4 Big Tech Stocks Offering Big Returns

By Damian Davila on 21 January 2015 0 comments
Photo: Jason Persse

Facebook, Twitter, Yelp, LinkedIn.

These days, it seems that tech analysts only have eyes for social media companies. But several companies are thriving in other tech fields — and their stocks are, too.

Here is a list of four cool tech stocks you should consider in 2015.

1. Alibaba

You can't talk about cool tech stocks without talking about Alibaba (NYSE: BABA). The Chinese e-commerce giant was the highlight of 2014 when it listed on the New York Stock Exchange in the biggest ever IPO at $25 billion. To put things in perspective, the previous holder of the title of largest IPO was Facebook, with a $16 billion market value.
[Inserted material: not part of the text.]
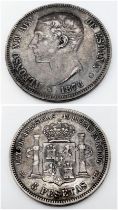 A Silver 1876 Spanish Alfonso XII 5 Pesetas Coin.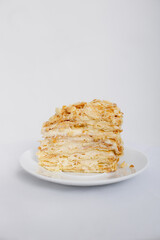 Piece of Napoleon cake on a white saucer isolated on a white background. Cake of puff pastry with sour cream. Copy space.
Founded in 1999 by Jack Ma from his apartment, the Alibaba Group focuses on ecommerce (Alibaba.com), online auction hosting (Taobao.com), online money transfers (Alipay), and other types of ecommerce (e.g. think of a mashup between Amazon, eBay, Groupon, and PayPal). The company had such outstanding performance in 2014, that its founder became the richest person in Asia in December of the same year.

This Chinese online merchant can backup its high valuations with ever growing sales records. For example, during 2014's "Singles' Day" (invented in 2009 by Alibaba as China's anti–Valentine's Day), the company's sales topped $9 billion. Not only has Alibaba turned Singles' Day into the largest shopping day in the world, but the company also has the potential to spread Singles' Day to the rest of the world through its shopping portals.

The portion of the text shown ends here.